In Verbindung mit dem Zusammenschluss von Land- und Nahrungsgütermaschinenbau zur VVB Land- und Nahrungsgütertechnik im Jahre 1970 begann für das Kombinat Fortschritt die zweite Etappe. Es übernahm neben weiteren Betrieben aus der Region und dem VEB Petkus Landmaschinenwerk Wutha aus dem Bereich des Nahrungsgütermaschinenbaus die Betriebe
- VEB Mühlenbau Dresden,
- VEB Mühlen- und Maschinenbau Wittenberg,
- VEB Erfurter Mälzerei- und Speicherbau,
- VEB Bäckereimaschinenbau Halle,
- VEB Apparatebau Nordhausen.
Die Erzeugnisverantwortung gegenüber der Landwirtschaft in der DDR umfasste ab diesem Zeitpunkt die Maschinensysteme für die Getreideproduktion und -verarbeitung sowie die Halmfutterproduktion und -verarbeitung.
In den 1970er Jahren wurden vor allem kleinere und mittlere Betriebe, darunter ehemalige private bzw. halbstaatliche Unternehmen des Landmaschinen- und Zulieferbereiches, übernommen und als Betriebsteile bzw. Betriebsstätten in die entsprechenden Kombinatsbetriebe eingeordnet.
Die dritte Etappe begann mit der Neugründung des Kombinates Fortschritt Landmaschinen im Jahre 1978. Ab diesem Zeitpunkt war der Landmaschinenbau der DDR in dieser Wirtschaftseinheit bis zur offiziellen Einstellung der Tätigkeit am 30. Juni 1990 zusammengefasst. Nach Auflösung des Kombinates im Frühsommer 1990 entstanden unter Treuhandverwaltung zunächst 53 GmbHs. Der Stammbetrieb in Neustadt in Sachsen bestand als Fortschritt Erntemaschinen GmbH weiter.
Seit 2016 firmiert unter der Marke "Fortschritt" die chinesische Firma "Fortschritt Agritech Ltd".
Betriebe
Mit der Gründung des Kombinates Fortschritt im Jahre 1951 wurde auf die Schaffung eines Großbetriebes mit einer zentralen Leitung in Neustadt/Sachsen orientiert. Die einzelnen Betriebe hatten de facto den Status von Produktionsbereichen. Organisations- und Leitungsstruktur des Unternehmens wurden unter diesem Aspekt in der Folgezeit ausgebaut. Dazu gehörte unter anderem der Aufbau eines zentralen Forschungs- und Entwicklungsbereiches in Neustadt/Sachsen. Die in den 1950er und 1960er Jahren übernommenen Betriebe dienten vor allem der Kapazitätserweiterung und konnten in diese Struktur integriert werden.

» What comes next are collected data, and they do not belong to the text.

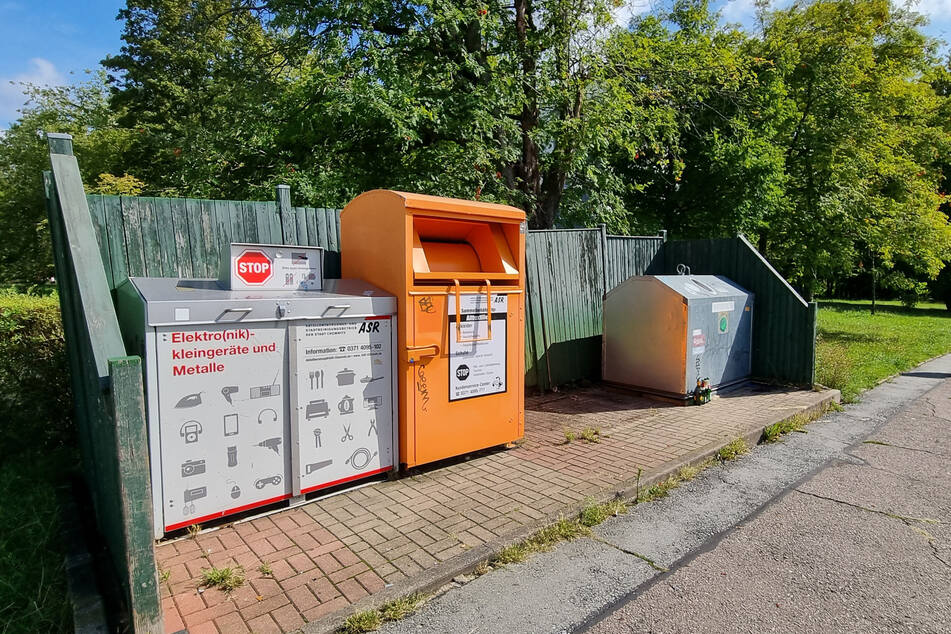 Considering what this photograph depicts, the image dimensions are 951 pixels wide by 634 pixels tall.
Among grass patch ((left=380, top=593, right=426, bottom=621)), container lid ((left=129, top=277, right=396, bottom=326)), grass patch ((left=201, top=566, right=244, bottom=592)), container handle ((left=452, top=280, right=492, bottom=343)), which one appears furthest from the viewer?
container handle ((left=452, top=280, right=492, bottom=343))

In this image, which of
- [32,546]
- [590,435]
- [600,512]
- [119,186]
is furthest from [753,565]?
[119,186]

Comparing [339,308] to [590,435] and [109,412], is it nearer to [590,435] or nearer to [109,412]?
[109,412]

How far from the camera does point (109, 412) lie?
2.38 meters

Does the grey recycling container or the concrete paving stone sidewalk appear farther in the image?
the grey recycling container

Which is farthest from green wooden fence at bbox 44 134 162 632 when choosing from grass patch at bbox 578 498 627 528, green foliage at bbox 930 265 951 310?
green foliage at bbox 930 265 951 310

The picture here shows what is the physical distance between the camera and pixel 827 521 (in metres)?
3.79

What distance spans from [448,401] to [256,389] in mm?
1526

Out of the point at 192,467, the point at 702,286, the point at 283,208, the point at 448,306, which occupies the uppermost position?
the point at 283,208

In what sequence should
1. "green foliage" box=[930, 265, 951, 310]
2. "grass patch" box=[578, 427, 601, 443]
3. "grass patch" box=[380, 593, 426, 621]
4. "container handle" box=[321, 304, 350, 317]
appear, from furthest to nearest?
"green foliage" box=[930, 265, 951, 310], "grass patch" box=[578, 427, 601, 443], "container handle" box=[321, 304, 350, 317], "grass patch" box=[380, 593, 426, 621]

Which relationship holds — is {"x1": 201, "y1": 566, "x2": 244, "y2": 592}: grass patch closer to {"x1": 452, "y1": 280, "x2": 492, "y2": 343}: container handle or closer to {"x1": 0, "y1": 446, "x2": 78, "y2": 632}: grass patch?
{"x1": 0, "y1": 446, "x2": 78, "y2": 632}: grass patch

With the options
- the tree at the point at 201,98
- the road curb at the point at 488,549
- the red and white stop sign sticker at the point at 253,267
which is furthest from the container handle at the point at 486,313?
the tree at the point at 201,98

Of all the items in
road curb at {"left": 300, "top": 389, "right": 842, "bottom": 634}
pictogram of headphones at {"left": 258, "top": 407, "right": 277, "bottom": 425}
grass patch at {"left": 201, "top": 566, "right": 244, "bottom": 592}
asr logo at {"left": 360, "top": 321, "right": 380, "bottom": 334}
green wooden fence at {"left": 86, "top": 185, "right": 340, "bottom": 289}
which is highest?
green wooden fence at {"left": 86, "top": 185, "right": 340, "bottom": 289}

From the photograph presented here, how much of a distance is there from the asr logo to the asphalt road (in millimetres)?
1900

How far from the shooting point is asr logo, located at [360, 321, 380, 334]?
13.1ft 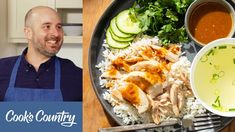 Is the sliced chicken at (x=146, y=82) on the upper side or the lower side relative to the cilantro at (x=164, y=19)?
lower

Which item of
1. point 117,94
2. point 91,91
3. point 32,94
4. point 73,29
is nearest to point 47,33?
point 73,29

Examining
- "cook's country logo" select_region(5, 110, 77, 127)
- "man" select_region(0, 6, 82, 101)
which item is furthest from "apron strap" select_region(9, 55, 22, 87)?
"cook's country logo" select_region(5, 110, 77, 127)

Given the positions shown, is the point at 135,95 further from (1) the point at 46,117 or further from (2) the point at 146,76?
(1) the point at 46,117

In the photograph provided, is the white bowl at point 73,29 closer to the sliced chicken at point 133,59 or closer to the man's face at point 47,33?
the man's face at point 47,33

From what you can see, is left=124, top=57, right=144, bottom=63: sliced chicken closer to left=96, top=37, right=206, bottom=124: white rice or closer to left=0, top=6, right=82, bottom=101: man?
left=96, top=37, right=206, bottom=124: white rice

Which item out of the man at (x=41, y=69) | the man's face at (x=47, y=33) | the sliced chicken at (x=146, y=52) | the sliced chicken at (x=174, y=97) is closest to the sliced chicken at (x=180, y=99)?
the sliced chicken at (x=174, y=97)

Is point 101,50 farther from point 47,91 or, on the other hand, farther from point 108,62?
point 47,91

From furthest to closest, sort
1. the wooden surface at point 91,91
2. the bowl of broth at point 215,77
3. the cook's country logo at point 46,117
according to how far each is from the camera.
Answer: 1. the cook's country logo at point 46,117
2. the wooden surface at point 91,91
3. the bowl of broth at point 215,77

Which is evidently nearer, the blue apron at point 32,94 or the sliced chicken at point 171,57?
the sliced chicken at point 171,57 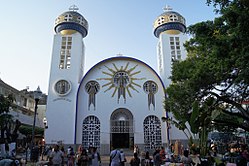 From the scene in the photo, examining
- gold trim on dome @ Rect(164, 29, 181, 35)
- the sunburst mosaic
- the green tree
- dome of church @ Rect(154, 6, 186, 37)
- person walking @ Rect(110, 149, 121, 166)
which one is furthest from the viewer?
gold trim on dome @ Rect(164, 29, 181, 35)

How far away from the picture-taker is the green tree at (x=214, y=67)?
691 centimetres

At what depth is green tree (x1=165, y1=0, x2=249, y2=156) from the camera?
22.7 ft

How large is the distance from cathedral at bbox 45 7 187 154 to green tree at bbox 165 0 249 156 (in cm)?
592

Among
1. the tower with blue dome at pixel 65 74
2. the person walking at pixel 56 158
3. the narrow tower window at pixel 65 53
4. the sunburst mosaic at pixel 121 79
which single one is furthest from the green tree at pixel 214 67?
the narrow tower window at pixel 65 53

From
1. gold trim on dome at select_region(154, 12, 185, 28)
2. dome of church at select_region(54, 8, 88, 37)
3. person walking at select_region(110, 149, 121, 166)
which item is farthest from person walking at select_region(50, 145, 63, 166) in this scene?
gold trim on dome at select_region(154, 12, 185, 28)

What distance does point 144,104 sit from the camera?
23.7 meters

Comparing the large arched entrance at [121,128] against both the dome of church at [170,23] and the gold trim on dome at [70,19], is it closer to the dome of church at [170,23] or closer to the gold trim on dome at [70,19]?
the dome of church at [170,23]

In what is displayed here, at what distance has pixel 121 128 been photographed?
2389 cm

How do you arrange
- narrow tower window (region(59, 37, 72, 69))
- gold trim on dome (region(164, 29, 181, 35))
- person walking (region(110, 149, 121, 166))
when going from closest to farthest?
person walking (region(110, 149, 121, 166))
narrow tower window (region(59, 37, 72, 69))
gold trim on dome (region(164, 29, 181, 35))

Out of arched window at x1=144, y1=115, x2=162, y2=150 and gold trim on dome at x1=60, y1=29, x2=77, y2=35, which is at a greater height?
gold trim on dome at x1=60, y1=29, x2=77, y2=35

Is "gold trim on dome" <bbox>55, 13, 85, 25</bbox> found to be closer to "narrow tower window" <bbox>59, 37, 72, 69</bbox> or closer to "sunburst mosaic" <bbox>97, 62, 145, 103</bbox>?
"narrow tower window" <bbox>59, 37, 72, 69</bbox>

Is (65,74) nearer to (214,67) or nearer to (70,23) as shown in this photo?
(70,23)

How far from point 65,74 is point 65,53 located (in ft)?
8.67

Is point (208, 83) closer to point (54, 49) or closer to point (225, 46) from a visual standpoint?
point (225, 46) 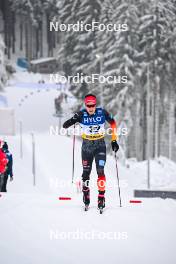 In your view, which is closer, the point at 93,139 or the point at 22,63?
the point at 93,139

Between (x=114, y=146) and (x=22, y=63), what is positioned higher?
(x=22, y=63)

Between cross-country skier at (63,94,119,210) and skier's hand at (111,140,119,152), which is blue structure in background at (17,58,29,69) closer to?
cross-country skier at (63,94,119,210)

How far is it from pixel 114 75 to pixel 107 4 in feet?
15.9

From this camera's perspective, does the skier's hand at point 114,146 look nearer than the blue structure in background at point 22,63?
Yes

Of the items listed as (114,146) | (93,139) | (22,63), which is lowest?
(114,146)

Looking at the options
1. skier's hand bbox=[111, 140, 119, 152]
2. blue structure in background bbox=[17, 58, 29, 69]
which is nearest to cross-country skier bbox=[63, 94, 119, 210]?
skier's hand bbox=[111, 140, 119, 152]

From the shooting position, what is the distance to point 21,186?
39.1ft

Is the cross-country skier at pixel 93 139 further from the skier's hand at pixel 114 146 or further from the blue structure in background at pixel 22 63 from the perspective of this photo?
the blue structure in background at pixel 22 63

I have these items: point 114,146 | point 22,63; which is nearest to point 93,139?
point 114,146

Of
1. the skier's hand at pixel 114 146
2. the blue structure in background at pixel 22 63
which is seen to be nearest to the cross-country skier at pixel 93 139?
the skier's hand at pixel 114 146

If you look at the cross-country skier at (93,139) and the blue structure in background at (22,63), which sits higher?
the blue structure in background at (22,63)

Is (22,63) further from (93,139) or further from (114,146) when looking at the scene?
(114,146)

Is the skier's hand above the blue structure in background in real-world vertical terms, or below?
below

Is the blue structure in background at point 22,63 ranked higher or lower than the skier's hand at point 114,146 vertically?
higher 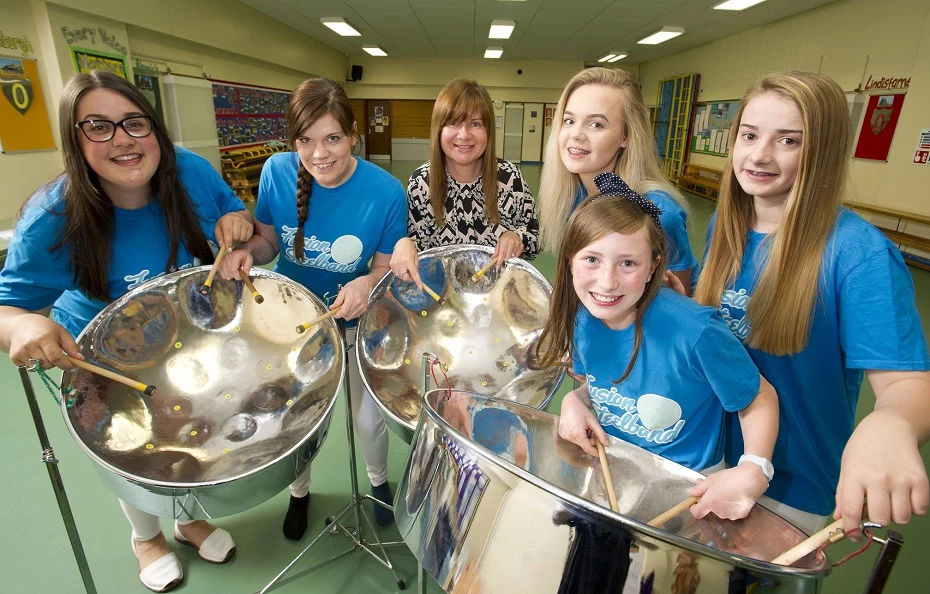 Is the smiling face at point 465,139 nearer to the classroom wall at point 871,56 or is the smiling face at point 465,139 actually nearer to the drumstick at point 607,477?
the drumstick at point 607,477

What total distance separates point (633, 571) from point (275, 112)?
27.1 feet

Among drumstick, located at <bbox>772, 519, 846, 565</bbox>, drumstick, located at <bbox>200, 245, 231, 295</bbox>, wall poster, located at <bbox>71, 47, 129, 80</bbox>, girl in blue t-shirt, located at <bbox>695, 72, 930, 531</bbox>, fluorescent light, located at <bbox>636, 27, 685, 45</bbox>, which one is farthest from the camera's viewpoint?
fluorescent light, located at <bbox>636, 27, 685, 45</bbox>

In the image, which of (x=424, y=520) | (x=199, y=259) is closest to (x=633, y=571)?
(x=424, y=520)

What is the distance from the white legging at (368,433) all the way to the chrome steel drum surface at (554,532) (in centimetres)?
59

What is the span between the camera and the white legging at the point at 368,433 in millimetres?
1283

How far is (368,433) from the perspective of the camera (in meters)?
1.34

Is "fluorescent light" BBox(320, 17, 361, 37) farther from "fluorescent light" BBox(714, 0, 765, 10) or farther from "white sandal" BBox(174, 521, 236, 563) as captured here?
"white sandal" BBox(174, 521, 236, 563)

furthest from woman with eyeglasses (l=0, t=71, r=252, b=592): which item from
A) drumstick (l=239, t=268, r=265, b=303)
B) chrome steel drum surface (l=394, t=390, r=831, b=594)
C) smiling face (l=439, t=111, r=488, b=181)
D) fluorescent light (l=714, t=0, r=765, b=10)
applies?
fluorescent light (l=714, t=0, r=765, b=10)

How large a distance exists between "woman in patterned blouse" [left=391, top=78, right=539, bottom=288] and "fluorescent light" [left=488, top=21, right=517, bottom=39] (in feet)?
20.2

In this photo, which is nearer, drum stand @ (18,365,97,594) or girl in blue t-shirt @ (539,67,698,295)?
drum stand @ (18,365,97,594)

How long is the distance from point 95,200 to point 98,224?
4 cm

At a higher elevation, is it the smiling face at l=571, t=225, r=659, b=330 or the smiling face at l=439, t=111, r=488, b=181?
the smiling face at l=439, t=111, r=488, b=181

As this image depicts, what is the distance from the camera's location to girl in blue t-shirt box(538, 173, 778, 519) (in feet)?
2.24

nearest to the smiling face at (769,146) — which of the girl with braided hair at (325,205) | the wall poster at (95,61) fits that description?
the girl with braided hair at (325,205) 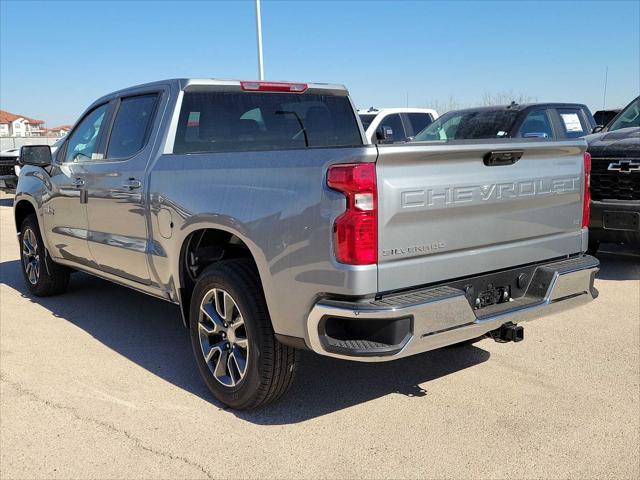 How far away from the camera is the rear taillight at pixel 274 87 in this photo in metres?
4.80

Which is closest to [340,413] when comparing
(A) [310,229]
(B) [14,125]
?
(A) [310,229]

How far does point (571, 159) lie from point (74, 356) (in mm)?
3710

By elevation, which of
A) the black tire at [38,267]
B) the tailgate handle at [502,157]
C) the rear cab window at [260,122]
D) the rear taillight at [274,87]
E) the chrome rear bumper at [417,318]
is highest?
the rear taillight at [274,87]

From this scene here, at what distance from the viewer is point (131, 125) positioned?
484 cm

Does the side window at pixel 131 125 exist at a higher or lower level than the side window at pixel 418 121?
higher

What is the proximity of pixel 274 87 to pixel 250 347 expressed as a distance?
7.49 feet

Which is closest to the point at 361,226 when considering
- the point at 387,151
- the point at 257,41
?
the point at 387,151

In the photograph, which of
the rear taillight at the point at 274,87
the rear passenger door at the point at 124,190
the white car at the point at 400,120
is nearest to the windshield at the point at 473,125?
the white car at the point at 400,120

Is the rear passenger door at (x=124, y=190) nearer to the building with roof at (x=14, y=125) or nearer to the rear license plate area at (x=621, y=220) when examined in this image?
the rear license plate area at (x=621, y=220)

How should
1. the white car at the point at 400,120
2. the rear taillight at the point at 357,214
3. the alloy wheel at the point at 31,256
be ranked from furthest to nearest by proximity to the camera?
the white car at the point at 400,120, the alloy wheel at the point at 31,256, the rear taillight at the point at 357,214

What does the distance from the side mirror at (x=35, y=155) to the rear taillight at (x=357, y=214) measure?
3715mm

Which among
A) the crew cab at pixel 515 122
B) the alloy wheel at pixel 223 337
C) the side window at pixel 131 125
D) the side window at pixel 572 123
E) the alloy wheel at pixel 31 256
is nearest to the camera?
the alloy wheel at pixel 223 337

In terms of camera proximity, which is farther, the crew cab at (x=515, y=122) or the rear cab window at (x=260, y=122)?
the crew cab at (x=515, y=122)

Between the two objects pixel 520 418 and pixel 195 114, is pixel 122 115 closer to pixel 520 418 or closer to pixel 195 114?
pixel 195 114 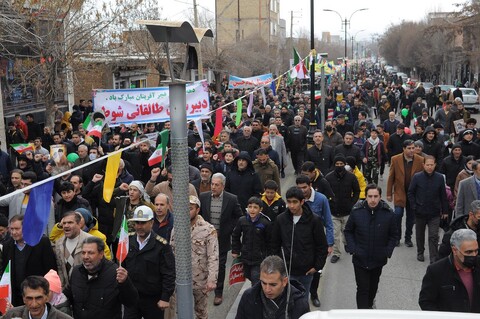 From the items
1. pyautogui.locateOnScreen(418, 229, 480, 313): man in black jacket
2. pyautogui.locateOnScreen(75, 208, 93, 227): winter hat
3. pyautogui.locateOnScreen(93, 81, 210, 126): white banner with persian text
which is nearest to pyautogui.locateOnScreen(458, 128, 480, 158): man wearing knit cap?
pyautogui.locateOnScreen(93, 81, 210, 126): white banner with persian text

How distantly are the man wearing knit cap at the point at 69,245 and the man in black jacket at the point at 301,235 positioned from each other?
2.02m

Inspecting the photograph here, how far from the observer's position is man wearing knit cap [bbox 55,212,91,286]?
6219 mm

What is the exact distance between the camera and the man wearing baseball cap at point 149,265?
6.10 m

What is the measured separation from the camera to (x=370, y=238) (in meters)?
7.20

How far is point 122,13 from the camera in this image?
1983 cm

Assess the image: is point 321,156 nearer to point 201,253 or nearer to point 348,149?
point 348,149

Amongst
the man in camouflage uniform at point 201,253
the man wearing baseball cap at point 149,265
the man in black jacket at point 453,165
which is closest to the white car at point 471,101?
the man in black jacket at point 453,165

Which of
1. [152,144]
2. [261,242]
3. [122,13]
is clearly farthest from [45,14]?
[261,242]

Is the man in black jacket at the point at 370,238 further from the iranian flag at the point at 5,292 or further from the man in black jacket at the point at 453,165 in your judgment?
the man in black jacket at the point at 453,165

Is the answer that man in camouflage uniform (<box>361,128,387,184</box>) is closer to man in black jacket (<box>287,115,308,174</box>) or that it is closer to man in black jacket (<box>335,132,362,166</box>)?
man in black jacket (<box>335,132,362,166</box>)

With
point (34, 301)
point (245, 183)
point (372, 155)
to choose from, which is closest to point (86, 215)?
point (34, 301)

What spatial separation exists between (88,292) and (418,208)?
544 cm

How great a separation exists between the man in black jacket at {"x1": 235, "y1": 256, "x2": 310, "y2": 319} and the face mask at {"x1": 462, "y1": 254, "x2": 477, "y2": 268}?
1.40 metres

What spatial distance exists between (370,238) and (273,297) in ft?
8.82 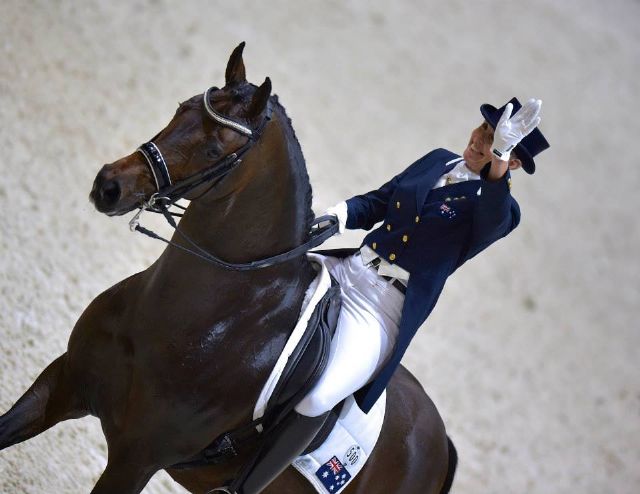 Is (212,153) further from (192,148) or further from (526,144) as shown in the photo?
(526,144)

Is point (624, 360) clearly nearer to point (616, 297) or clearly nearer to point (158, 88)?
point (616, 297)

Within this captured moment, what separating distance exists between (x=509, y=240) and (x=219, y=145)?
4.94 meters

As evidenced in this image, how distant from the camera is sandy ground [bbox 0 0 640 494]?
187 inches

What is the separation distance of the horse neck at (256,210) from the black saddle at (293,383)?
0.29 m

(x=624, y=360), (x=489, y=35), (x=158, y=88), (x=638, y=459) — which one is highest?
(x=158, y=88)

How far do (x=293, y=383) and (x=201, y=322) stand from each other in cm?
34

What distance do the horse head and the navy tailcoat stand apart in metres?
0.68

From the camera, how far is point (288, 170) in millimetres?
2451

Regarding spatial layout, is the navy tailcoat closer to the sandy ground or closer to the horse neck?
the horse neck

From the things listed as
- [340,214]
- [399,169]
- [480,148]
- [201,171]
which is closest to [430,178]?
[480,148]

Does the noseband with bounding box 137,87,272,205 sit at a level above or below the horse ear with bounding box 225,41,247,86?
below

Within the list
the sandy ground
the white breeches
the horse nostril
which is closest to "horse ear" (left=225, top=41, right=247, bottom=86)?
the horse nostril

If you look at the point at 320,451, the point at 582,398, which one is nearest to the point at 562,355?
the point at 582,398

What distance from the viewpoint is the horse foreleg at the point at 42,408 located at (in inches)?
107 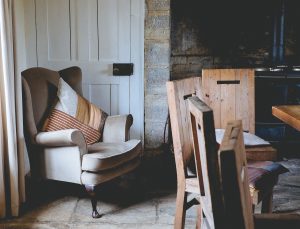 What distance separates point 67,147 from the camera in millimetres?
2982

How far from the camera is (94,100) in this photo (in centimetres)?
400

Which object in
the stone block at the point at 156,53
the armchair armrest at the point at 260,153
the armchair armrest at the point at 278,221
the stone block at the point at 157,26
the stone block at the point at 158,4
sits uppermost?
the stone block at the point at 158,4

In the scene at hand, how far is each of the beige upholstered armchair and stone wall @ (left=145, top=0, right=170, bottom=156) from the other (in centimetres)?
40

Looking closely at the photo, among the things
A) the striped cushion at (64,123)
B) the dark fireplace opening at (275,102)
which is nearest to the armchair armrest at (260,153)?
the striped cushion at (64,123)

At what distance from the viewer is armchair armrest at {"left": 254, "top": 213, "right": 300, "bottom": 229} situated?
4.86ft

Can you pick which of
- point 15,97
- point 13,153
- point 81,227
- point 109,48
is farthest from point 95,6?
point 81,227

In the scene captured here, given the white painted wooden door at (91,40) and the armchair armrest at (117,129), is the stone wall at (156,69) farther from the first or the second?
the armchair armrest at (117,129)

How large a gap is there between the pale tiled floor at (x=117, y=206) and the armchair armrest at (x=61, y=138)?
47 cm

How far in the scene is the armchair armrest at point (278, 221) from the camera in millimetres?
1480

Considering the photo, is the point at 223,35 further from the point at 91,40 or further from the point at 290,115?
the point at 290,115

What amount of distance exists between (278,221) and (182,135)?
0.71 metres

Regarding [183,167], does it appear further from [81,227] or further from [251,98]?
[81,227]

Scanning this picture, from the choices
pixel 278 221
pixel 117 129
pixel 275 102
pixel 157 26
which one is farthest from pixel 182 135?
pixel 275 102

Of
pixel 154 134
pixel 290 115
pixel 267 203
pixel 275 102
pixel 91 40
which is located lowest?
pixel 267 203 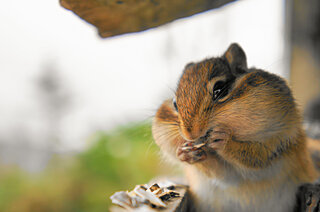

Für einige der 1970 übernommenen Betriebe war eine solche Integration nicht ohne weiteres möglich. Deshalb kam vor allem für die Betriebe des Nahrungsgütermaschinenbaus eine konzernartige Organisation und Leitung zur Anwendung.
Anfang der 1980er Jahre waren aus den Betrieben der ersten Entwicklungsetappe Einheiten entstanden, bei denen die bisherige Organisations- und Leitungsstruktur an ihre Grenzen stieß, zumal inzwischen der größere Teil der Kombinatsbetriebe in konzernartigen Strukturen eingeordnet war. Deshalb wurde 1982 die Mehrzahl der für die Betriebe Erntemaschinen zentralisierten Leitungs- und Leistungseinheiten aufgelöst und auch diese Betriebe mit allen für ein selbständiges Agieren notwendigen Funktionen ausgestattet. In Verbindung damit ist unter anderem das Mähdrescherwerk Bischofswerda/Singwitz mit fast 7000 Beschäftigten entstanden.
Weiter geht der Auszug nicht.